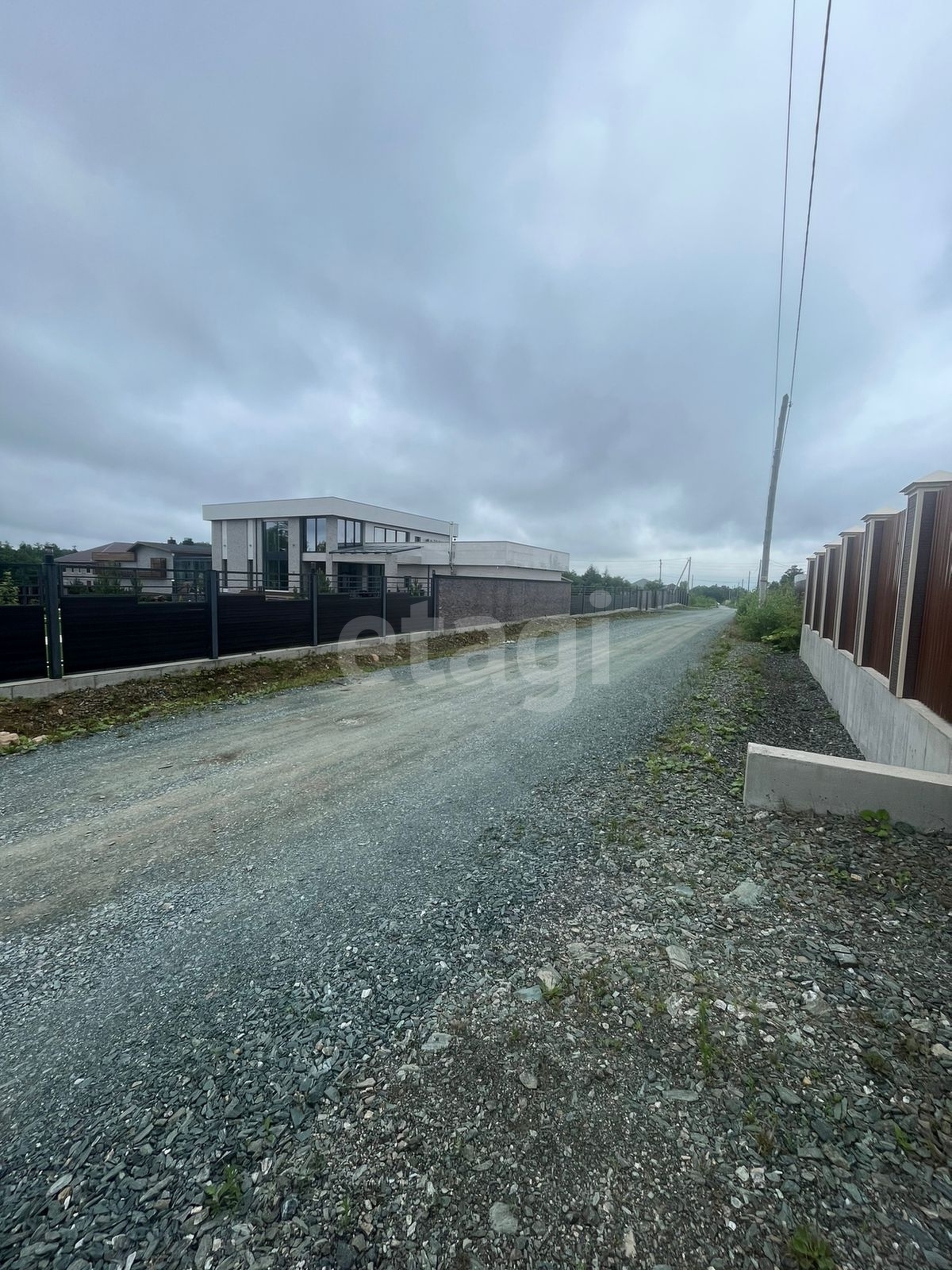 Продажа дома, 160м <sup>2</sup>, 10 сот., Южно-Сахалинск, Сахалинская область,  Южно-Сахалинск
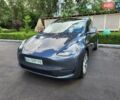 Сірий Тесла Model Y, об'ємом двигуна 0 л та пробігом 55 тис. км за 23299 $, фото 7 на Automoto.ua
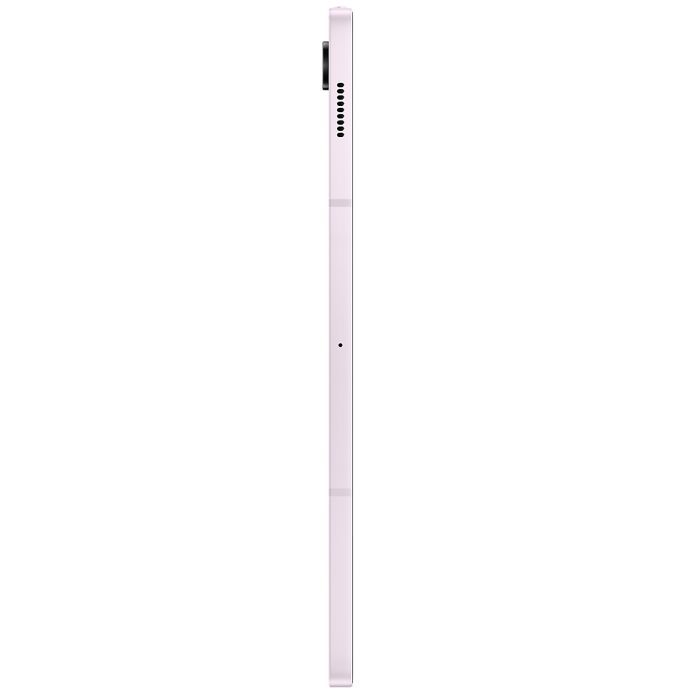 Планшет Samsung Galaxy Tab S9 FE 5G 128GB Gray (SM-X516BZAASEK) зображення 7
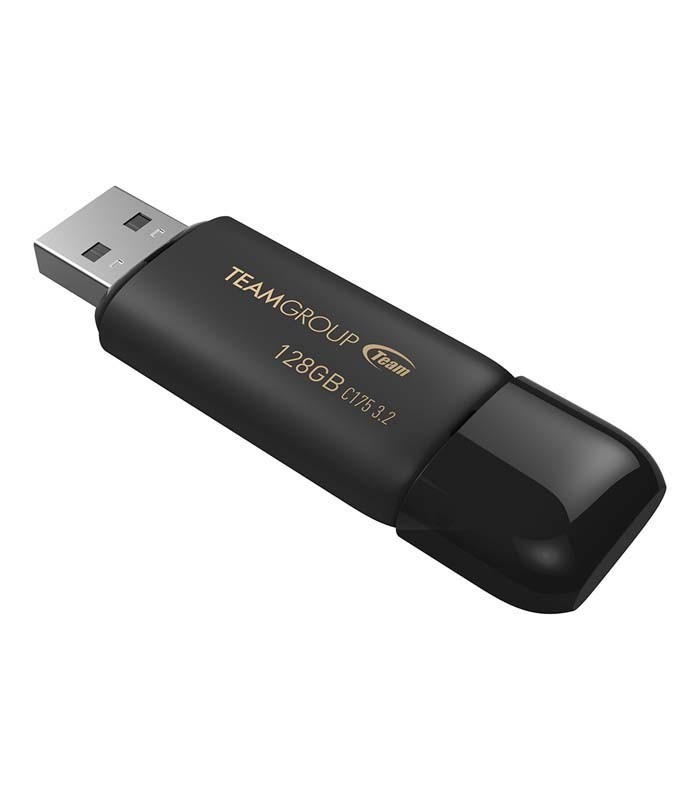 فلش مموری تیم گروپ USB 3.2 C175 ظرفیت 128 گیگابایت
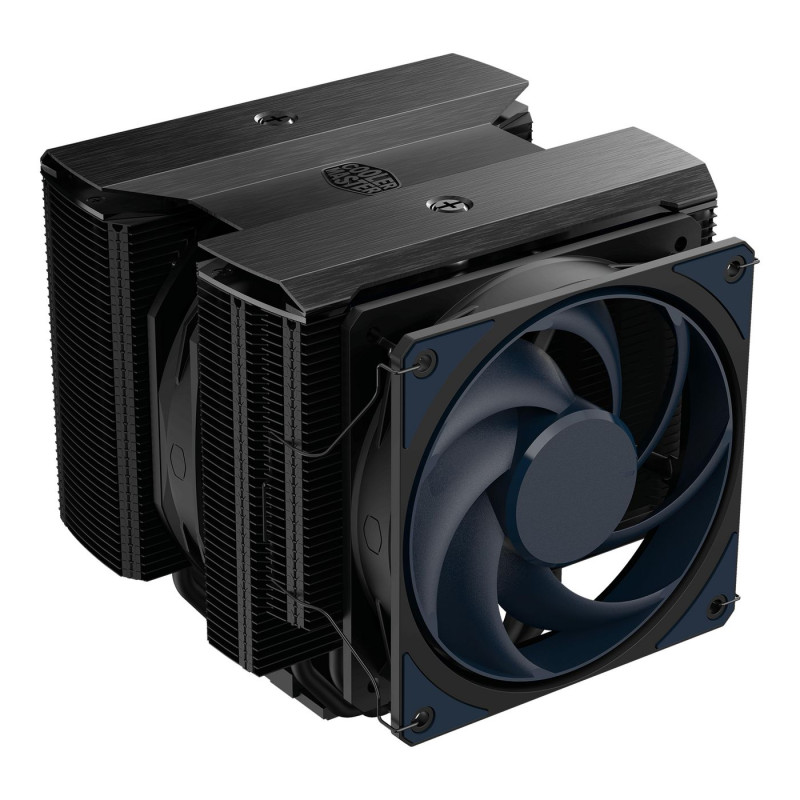 Masterair Ma824 Stealth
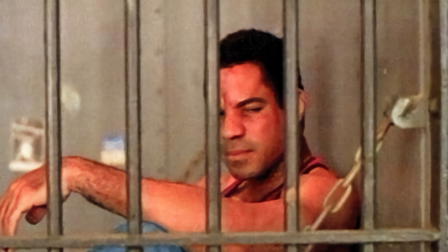 Penitenciaría mortal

════════

## [ASSIGNMENT]
Set down each of the records precisely, leaving any pictures behind.

## [ANSWER TO THE EXERCISE]
 Продажа дома, 160м <sup>2</sup>, 10 сот., Южно-Сахалинск, Сахалинская область,  Южно-Сахалинск
 Сірий Тесла Model Y, об'ємом двигуна 0 л та пробігом 55 тис. км за 23299 $, фото 7 на Automoto.ua
 Планшет Samsung Galaxy Tab S9 FE 5G 128GB Gray (SM-X516BZAASEK) зображення 7
 فلش مموری تیم گروپ USB 3.2 C175 ظرفیت 128 گیگابایت
 Masterair Ma824 Stealth
 Penitenciaría mortal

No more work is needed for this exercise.